L’humanité va entrer dans la 4ème décennie pour le désarmement. Quarante ans, c’est très bref pour rompre avec des millénaires de culture guerrière. Quarante ans, c’est aussi très long dans une époque qui voit se succéder, à rythme soutenu, les bouleversements de tous ordres.

La culture guerrière est intimement liée à l’ignorance, c’est une conviction profonde. Elle est aussi grandement liée au refus de partager les richesses de notre planète de manière équitable. Gandhi disait à ce sujet : « Il y a assez de tout dans le monde pour satisfaire aux besoins de l'homme, mais pas assez pour assouvir son avidité ». Qu’on l’accepte ou pas, c’est par le conflit que l’on traite le plus souvent ce paradoxe fondamental.

Or, l’une des exigences premières des citoyens en direction de leurs maires, c’est justement d’apaiser ou de prévenir les conflits. S’ils peuvent jouer un rôle au niveau des enjeux internationaux, qui auront forcément des conséquences dans les villes qu’ils gèrent, c’est de leur devoir d’agir.

Qu’entendent les maires à l’écoute des citoyens? Principalement les difficultés du quotidien, les problèmes pour se loger, pour travailler, pour vivre ensemble. Je crois pouvoir affirmer que c’est le cas partout dans le monde, comme c’est le cas en France : les problèmes sociaux et économiques sont au premier rang des inquiétudes.

Mais ces citoyens-là ont également une connaissance très précise des enjeux majeurs pour les décennies à venir. Ils ont une opinion à donner, y compris sur des sujets sur lesquels on ne les a jamais consultés. La démocratie, nos démocraties doivent encore évoluer.


J’en veux pour exemple le travail de fond mené dans la ville dont je suis le maire. Nous essayons de développer la participation des citoyens sur des sujets généralement réservés aux élus. Cela concerne l’utilisation du budget de la ville, chaque année, qui est soumis à débats.
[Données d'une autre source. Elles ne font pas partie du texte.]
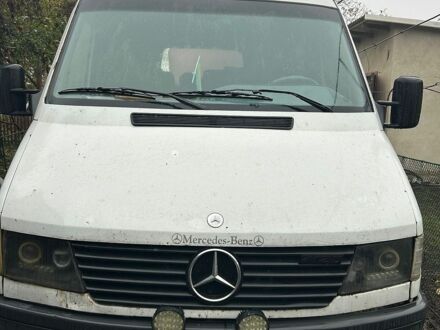 Белый Мерседес Sprinter, объемом двигателя 2.87 л и пробегом 300 тыс. км за 6500 $, фото 1 на Automoto.ua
Le fait de demander régulièrement leur avis aux citoyens permet de développer chez eux une volonté de participer à toutes les décisions qui les concernent, où que ce soit. 18 habitants de ma petite ville ont décidé, avec parfois de petits moyens de venir ici, à New York, pour dire leur rêve de voir le monde débarrassé de la menace nucléaire. Ils sont mandatés par des centaines de citoyens qui ont signé la pétition dans ce but. J’espère être leur fidèle porte parole dans cette salle illustre.

La situation des puissances nucléaires est particulière : signataires du TNP, elles consacrent chaque année un budget très important pour maintenir leur capacité d’intervention et de destruction massive, au détriment, partout, d’autres politiques qui favorisent le bien être de leur population.

En France, ce choix-là est celui d’un seul homme, d’un homme seul : le Président de la république.

Pour nous, villes de Paix françaises, c’est une anomalie. On pourrait penser que le sujet du maintien ou non de la dissuasion nucléaire est un élément des débats contradictoires qui précèdent l’élection du Président de la république française: ce n’est pas le cas.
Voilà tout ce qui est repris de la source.